I have two dataframes that I want to merge by a common variable. Some observations appear in one data but not in the other, and vice verse. When merging, I want to keep only the observations that appear in both dataframes, and therefore dplyr::inner_join()
is appropriate.
However, there's an exclusion. There are some observations that I'd like to include in the merged data no matter what. That is, even if they don't appear in both original dataframes. The indication to which ones are those "special" observations to keep is given as certain values in certain columns.
Example
I want to merge the following dataframes (df_population
and df_gdp
)
1. df_population
library(tibble)
library(dplyr)
## helper function
myFun <- function(n = 5000) {
a <- do.call(paste0, replicate(5, sample(LETTERS, n, TRUE), FALSE))
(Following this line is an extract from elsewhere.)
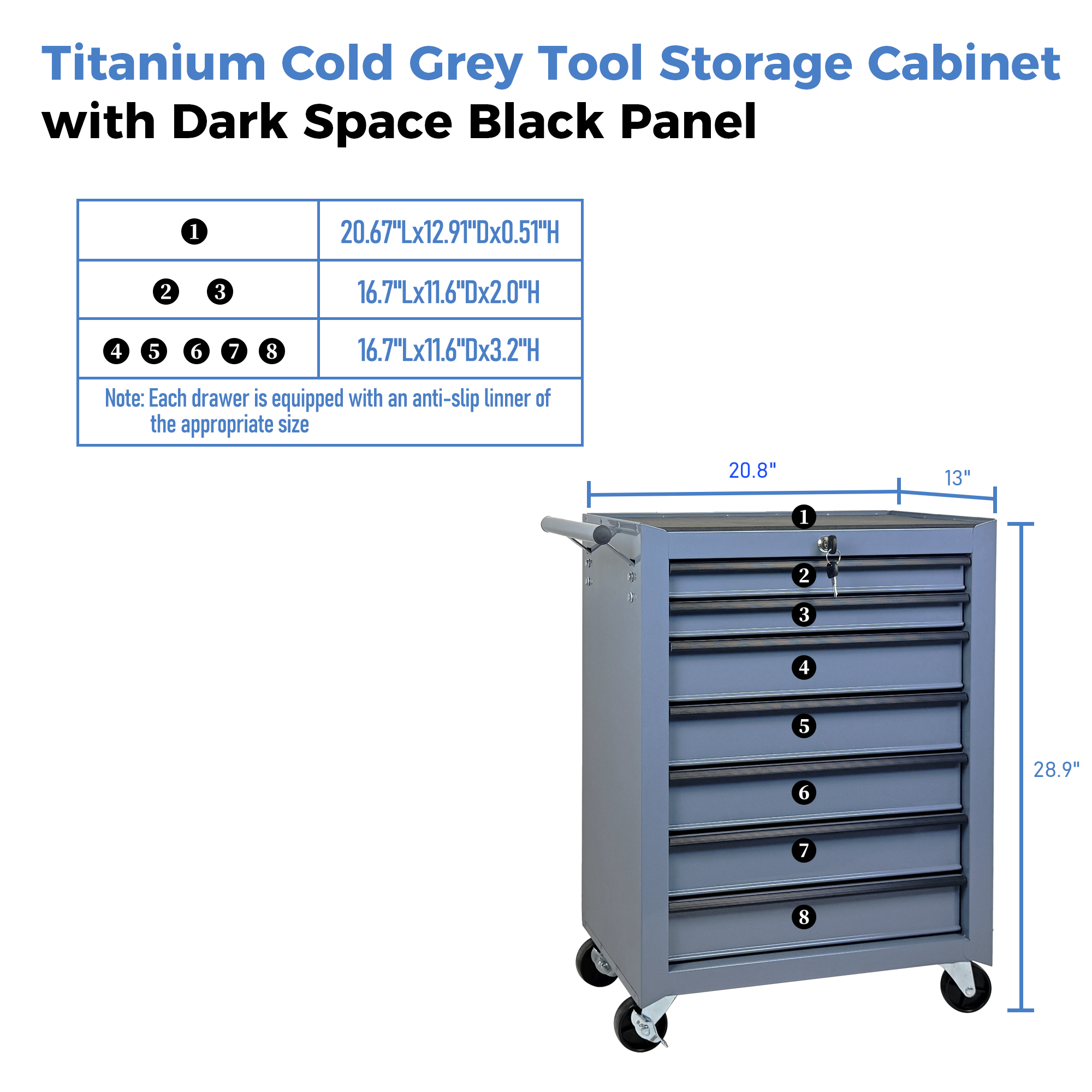 Rolling Metal Tool Chest with 7 Drawers, 20" 7-Drawer Tool Chest Cabinet with Ball Bearing Drawer Slides, Steel Tool Storage Box Organizer -GREY — foto 10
paste0(a, sprintf("%04d", sample(9999, n, TRUE)), sample(LETTERS, n, TRUE))
}
set.seed(2021)
df_population <-
tribble(~country, ~population,
"australia", 24.99,
"united_kingdom", 66.65,
"france", 66.99,
"spain", 46.94,
"canada", 37.59,
"brazil", 209.5) %>%
mutate(col_of_strings = c(myFun(5), "dont_leave_me_behind"))
## # A tibble: 6 x 3
## country population col_of_strings
## <chr> <dbl> <chr>
## 1 australia 25.0 GLNWN9968R
## 2 united_kingdom 66.6 FTELH3426F
## 3 france 67.0 NFOSZ6335V
## 4 spain 46.9 ZFGRD8875F
## 5 canada 37.6 GFICE2875O
## 6 brazil 210. dont_leave_me_behind
2. df_gdp
df_gdp <-
tribble(~country, ~gdp_growth,
"australia", 2.9,
"united_kingdom", 1.4,
"france", 1.7,
"spain", 2.4,
"canada", 1.9,
"greece", 1.9) %>%
mutate(col_of_strings = sample(c(myFun(5), "dont_leave_me_behind")))
## # A tibble: 6 x 3
## country gdp_growth col_of_strings
## <chr> <dbl> <chr>
## 1 australia 2.9 dont_leave_me_behind
## 2 united_kingdom 1.4 RQHHI9679V
## 3 france 1.7 PFSZX1552L
## 4 spain 2.4 BQTBY7537E
## 5 canada 1.9 OECIK9698V
## 6 greece 1.9 VXDQQ4718J
My Problem
Normally I'd go with
dplyr::inner_join(df_population, df_gdp, by = "country")
But:
Although I want only the countries that are common to both dataframes, I still want to include any country that has col_of_strings == dont_leave_me_behind
I hope there's a simple solution to this. Thanks!